What is feature adoption?
Saas feature adoption measures the usage of specific features within a product. A user’s adoption of features determines how much value they receive, and how likely they are to abandon a product.
The more features a user adopts, the more value they receive, and the less likely they are to churn, making feature adoption a key retention metric.
Product adoption vs. feature adoption
Both product adoption and feature adoption are basic usage metrics for your SaaS business since they help you improve user retention and drive customer success.
Product adoption tells you how well customers interact with your product. On the other hand, feature adoption provides a breakdown of what features are the most successful and what you need to improve or remove on a more granular level.
Why does feature adoption matter?
Feature adoption clearly indicates how much value users find in your product’s features.
If customers don’t use a certain feature, it may mean they aren’t benefiting from it or haven’t even found it yet. When customers have to pay for unused features, it lowers the perceived value of your product.
Thus, they are less likely to be inclined towards renewing their subscription next month.
The feature adoption metrics help you identify the features that customers value most. The more they value the features, the higher the feature adoption rates.
How to measure feature adoption?
Justin Butlion, the founder of Feedio and ProjectBL, developed the feature adoption funnel to help you optimize your product and boost your feature adoption rates. Here are 4 stages a customer needs to go through to adopt a specific feature.
Step 1 is “Exposed”, where we track the number of customers who know that a particular feature exists. This is because you can’t measure feature adoption without knowing how many users know that the feature exists.

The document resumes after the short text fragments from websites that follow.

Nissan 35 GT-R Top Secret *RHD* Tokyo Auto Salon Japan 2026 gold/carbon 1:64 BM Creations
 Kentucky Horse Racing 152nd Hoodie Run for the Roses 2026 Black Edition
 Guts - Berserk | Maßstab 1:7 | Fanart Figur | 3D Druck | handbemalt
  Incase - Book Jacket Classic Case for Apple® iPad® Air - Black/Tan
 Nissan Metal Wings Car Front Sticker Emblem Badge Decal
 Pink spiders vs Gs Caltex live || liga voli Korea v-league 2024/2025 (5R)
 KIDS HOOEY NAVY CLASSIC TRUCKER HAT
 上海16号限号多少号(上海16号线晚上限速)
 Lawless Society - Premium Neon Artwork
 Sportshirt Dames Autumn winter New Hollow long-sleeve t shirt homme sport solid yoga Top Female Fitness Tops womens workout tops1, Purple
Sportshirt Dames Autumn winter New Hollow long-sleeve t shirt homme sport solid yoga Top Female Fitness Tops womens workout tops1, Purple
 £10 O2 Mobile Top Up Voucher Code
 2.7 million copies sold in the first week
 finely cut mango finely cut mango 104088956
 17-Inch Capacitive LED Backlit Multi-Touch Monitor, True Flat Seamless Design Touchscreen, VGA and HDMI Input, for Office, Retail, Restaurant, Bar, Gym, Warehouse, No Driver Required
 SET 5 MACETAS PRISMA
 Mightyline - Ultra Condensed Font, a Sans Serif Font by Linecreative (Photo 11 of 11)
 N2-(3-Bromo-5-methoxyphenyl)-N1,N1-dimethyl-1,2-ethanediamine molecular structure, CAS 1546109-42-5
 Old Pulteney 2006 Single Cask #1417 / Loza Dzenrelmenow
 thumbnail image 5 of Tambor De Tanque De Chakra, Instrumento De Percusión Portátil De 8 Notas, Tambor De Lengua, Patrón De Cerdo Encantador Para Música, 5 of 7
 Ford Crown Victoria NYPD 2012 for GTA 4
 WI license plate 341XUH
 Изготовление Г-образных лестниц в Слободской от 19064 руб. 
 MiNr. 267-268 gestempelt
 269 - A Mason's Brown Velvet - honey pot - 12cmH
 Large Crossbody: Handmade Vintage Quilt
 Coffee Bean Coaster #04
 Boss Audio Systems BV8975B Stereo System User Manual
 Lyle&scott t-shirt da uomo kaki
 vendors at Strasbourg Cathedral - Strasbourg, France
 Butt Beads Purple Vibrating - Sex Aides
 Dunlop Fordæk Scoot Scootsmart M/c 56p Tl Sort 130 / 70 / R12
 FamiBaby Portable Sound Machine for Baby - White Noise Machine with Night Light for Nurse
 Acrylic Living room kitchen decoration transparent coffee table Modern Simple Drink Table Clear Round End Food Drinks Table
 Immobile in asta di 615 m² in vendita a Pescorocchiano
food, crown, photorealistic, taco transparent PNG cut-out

This means that eventually, you’ll need to calculate your feature discovery rate:
(Number of users who came across a feature/total number of users)*100
Next comes step 2, which is “Activated”. Here, you’ll see the number of exposed customers who tried out and activated the feature.
For example, when you first joined Instagram, you might have been exposed to the “Close Friends” feature by hearing it from friends or noticing the green rings around people’s profile pictures.
Then, if you created your own “Close Friends” list, you activated it. So, the activated rate for this feature is the percentage of customers who know about it and have created a list.
“Used” is step 3, where you calculate the percentage of active users who used this feature by posting a private story exclusively for their close friends.
When the activated rate is higher than the used rate, it suggests that you either set incorrect expectations or customers find the feature difficult to use.
Keep in mind that the activated and used stages may overlap for your product. For example, one of your product’s features could be bookmarking blog articles for later use.
So, a customer who bookmarks an article would be activating and using the feature simultaneously.
The final step in the feature adoption funnel is “Used Again”. This is where customers keep using the feature because they find value in it.
Thus, the formula for this step gives you the stickiness of a feature. It’s equal to the number of repeat users divided by the total number of users multiplied by 100.
Low repeated usage may indicate a risk of churn by showing you how dissatisfied users are with the particular feature.
The key feature adoption metrics you should be tracking
Let’s look at the feature adoption metrics you need to track and optimize to increase feature adoption.
Feature adoption rate
Measuring feature adoption rate is key to knowing how much your existing users benefit from your product’s features. Much of your product’s value is tied to its features, making this metric an important indicator for feature utilization.
To calculate the feature adoption rate, divide the number of a feature’s monthly active users (MAU) by the number of users who logged in during a specific period and multiply the result by 100.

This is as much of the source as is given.